Téhéran dénonce tout d’abord la présence américaine dans la région comme illégitime et déstabilisatrice. Le 22 septembre, après l’annonce par Washington de l’envoi de renforts américains en Arabie saoudite (quittée en 2003), le président Hassan Rohani répète à « ceux qui veulent tenir l’Iran pour responsable » des maux de la région, que la présence de forces étrangères dans le Golfe y accroît «l’insécurité.» : « Votre présence a toujours apporté douleur et malheur dans la région. Plus vous vous tiendrez éloignés de notre région, plus celle-ci connaîtra la sécurité De notre point de vue, la sécurité du golfe Persique vient de l’intérieur. La sécurité du golfe Persique est endogène, la sécurité du détroit d’Ormuz est endogène. Les forces étrangères sont source de problème et d’insécurité pour notre peuple et pour la région.»
Et le 25 septembre, le président Rohani annonce à la tribune de l’Assemblée générale de l’ONU à New York, « un plan de coopération [entre les Etats riverains] destiné à assurer la sécurité du golfe Persique, du détroit d’Ormuz et de la mer d’Oman. ». Il indique que son pays tend ainsi « la main de l’amitié et de la fraternité » aux Etats du Golfe, et a envoyé des courriers aux souverains saoudien et bahreini. Ce plan est dénommé HOPE (Espoir ou : Hormuz Peace Endeavor / Initiative de paix d’Ormuz).

Le détail des propositions iraniennes n’est pas connu, au-delà de quelques objectifs très généraux, selon une formule qui pourrait être comparable à celle de l’OSCE en Europe : sécurité dans le golfe Persique, le détroit d’Ormuz et le golfe d’Oman ; dialogue régional pour une paix régionale. Deux conditions : « le départ des forces étrangères présentes dans le Golfe », et « la participation de tous les Etats riverains », donc Iran et Irak inclus. Il n’y a là rien de nouveau, Téhéran avançant ce schéma depuis des années. Le seul écho côté arabe étant le sultan Qabous d’Oman, qui a, à plusieurs reprises dans les dernières décennies, proposé une telle configuration incluant l’Iran – au mécontentement notoire de Riyad et d’Abou Dhabi.

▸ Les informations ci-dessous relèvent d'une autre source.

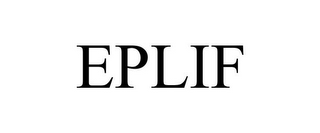 EPLIF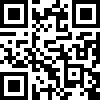 https://mehrnews.com/xPgZ4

Reste à voir si ce projet HOPE va être examiné par toutes les parties aux tensions dans la région, alors que le multilatéralisme n’a guère le vent en poupe depuis l’élection du président Trump. Mais, de toutes manières, une redéfinition de l’architecture de sécurité régionale s’imposera tôt ou tard, qu’elle soit précédée ou suivie un retrait américain partiel ou total -une hypothèse désormais à prendre en compte. Sous l’égide de l’ONU (proposée par Téhéran) les propositions iraniennes pourraient alors être une base de discussion, et un moindre mal pour tous les Etats riverains.
NOTES
1 La base française d’Abou Dhabi peut fournir des moyens inter-armes à des coalitions occidentales. Le parapluie américain ardemment recherché se couple à un anti-américanisme latent ou ouvert. Cf. JP.BURDY, « L’alliance avec les Etats-Unis, entre antiaméricanisme et sécurité régionale », Moyen-Orient no 22, avril-juin 2014, p.61-65 ; et « La politique américaine et l’antiaméricanisme dans le Golfe depuis 2003 et 2011 », in Emma SOUBRIER (coord.) Les pays du Conseil de coopération du Golfe. Nouvelles puissances du monde arabe ? Institut MEDEA (Bruxelles), Paris, Ed. Du Cygne, 2014, 144p.

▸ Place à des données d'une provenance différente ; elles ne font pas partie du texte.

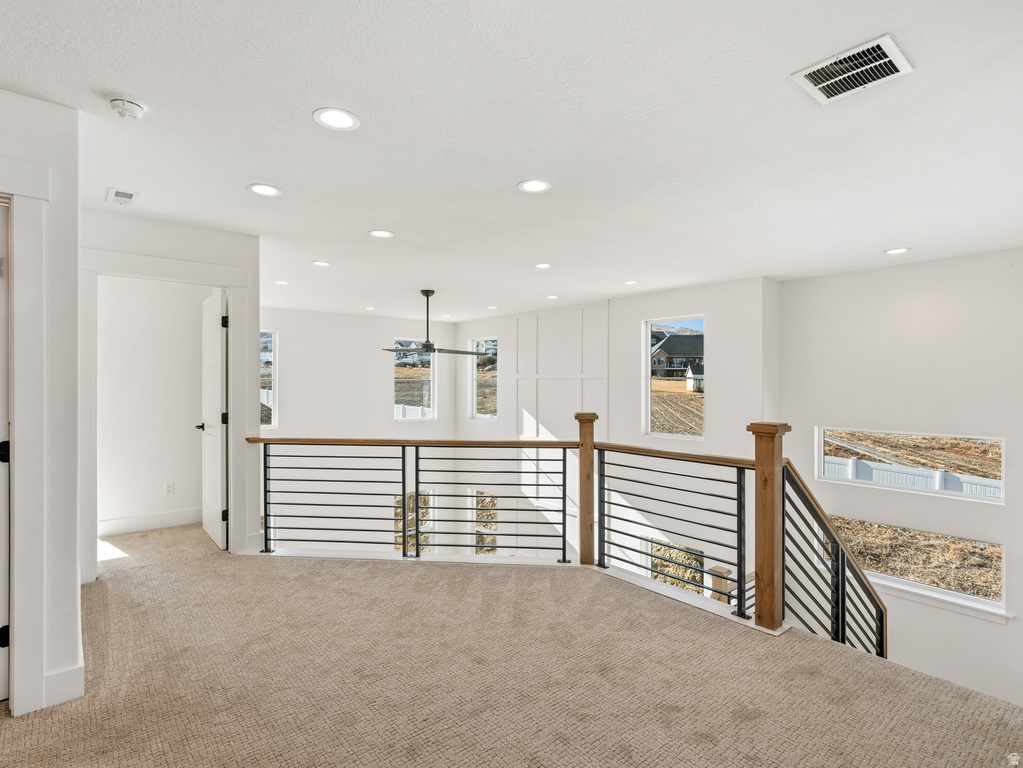 3429 S SPINNAKER BAY DR Saratoga Springs, UT 84045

2 « La Chine tire 91 % de son Pétrole du Détroit, le Japon 62 %, et beaucoup d’autres pays du même ordre. Alors, pourquoi protégeons-nous les voies de navigation pour les autres pays (depuis de nombreuses années) pour zéro compensation ? Tous ces pays devraient protéger leurs propres navires sur ce qui a toujours été un itinéraire difficile. Nous n’avons même pas besoin d’être là parce que les Etats-Unis sont juste devenus (de loin) le plus grand producteur d’énergie du monde entier ! » Tweet du président Trump, 24 juin 2019. [forme et orthographe respectées]
3 Les déboires rencontrés par Riyad dans la guerre au Yémen confirment la faible capacité d’utilisation des armements sophistiqués acquis par le royaume, ainsi que la faible compétence à la manœuvre. En 2018-2019, les houthis (encouragés par les Iraniens) ont multiplié les opérations contre le territoire saoudien. Les Saoudiens et leurs supplétifs ont perdu hommes et matériels dans l’offensive de Najran fin août 2019. Les attaques d’installations pétrolières en profondeur sur le territoire saoudien (le 14 mai 2019, et plus encore le 14 septembre) ont démontré que Riyad était dans l’incapacité de protéger ses installations stratégiques au coeur du royaume.